◆ **Exercise directions**: Drop the pictures from the entries below, then reproduce the rest exactly.

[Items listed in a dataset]
........

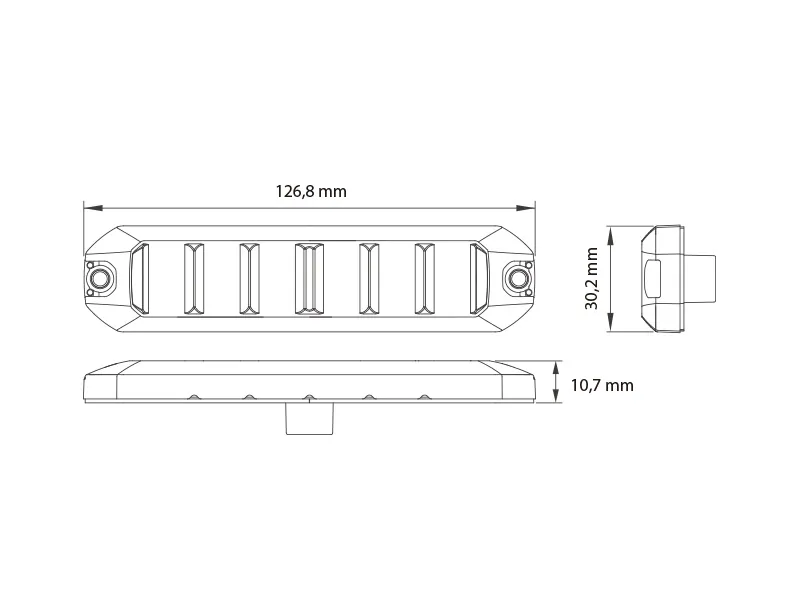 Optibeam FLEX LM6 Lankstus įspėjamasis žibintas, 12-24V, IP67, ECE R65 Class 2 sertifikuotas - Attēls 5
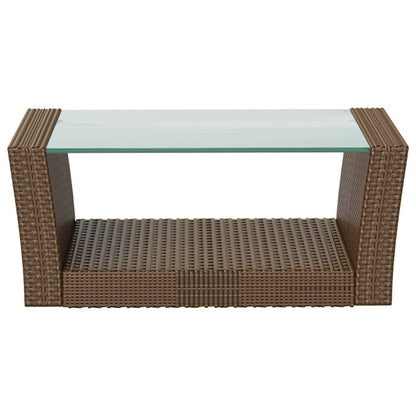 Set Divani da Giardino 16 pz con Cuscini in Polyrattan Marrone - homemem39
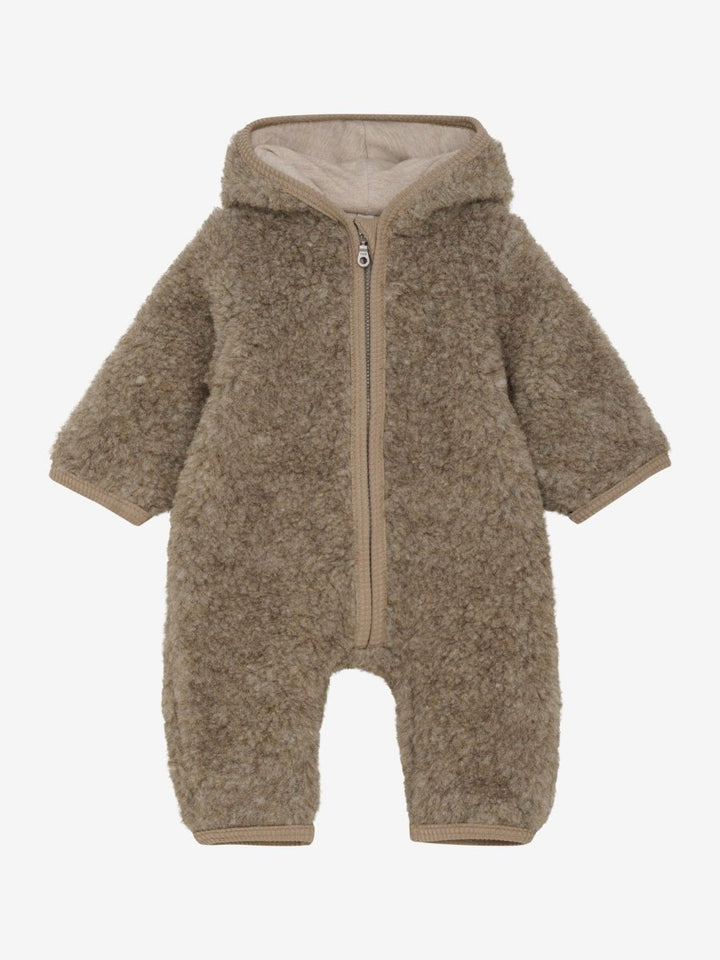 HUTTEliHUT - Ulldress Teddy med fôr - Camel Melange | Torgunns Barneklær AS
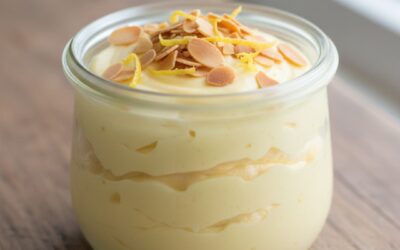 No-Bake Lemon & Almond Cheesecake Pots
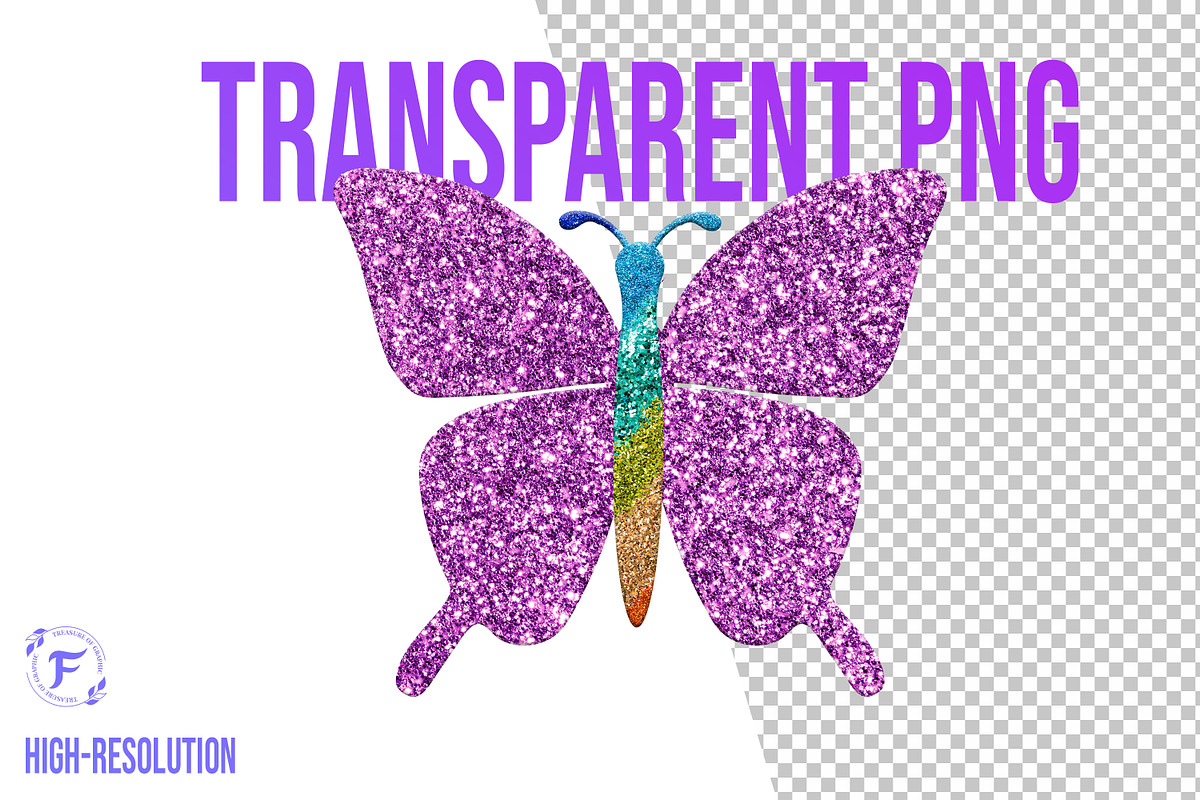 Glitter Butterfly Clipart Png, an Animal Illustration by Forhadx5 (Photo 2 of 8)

........

◆ **Output**:
 Optibeam FLEX LM6 Lankstus įspėjamasis žibintas, 12-24V, IP67, ECE R65 Class 2 sertifikuotas - Attēls 5
 Set Divani da Giardino 16 pz con Cuscini in Polyrattan Marrone - homemem39
 HUTTEliHUT - Ulldress Teddy med fôr - Camel Melange | Torgunns Barneklær AS
 No-Bake Lemon & Almond Cheesecake Pots
 Glitter Butterfly Clipart Png, an Animal Illustration by Forhadx5 (Photo 2 of 8)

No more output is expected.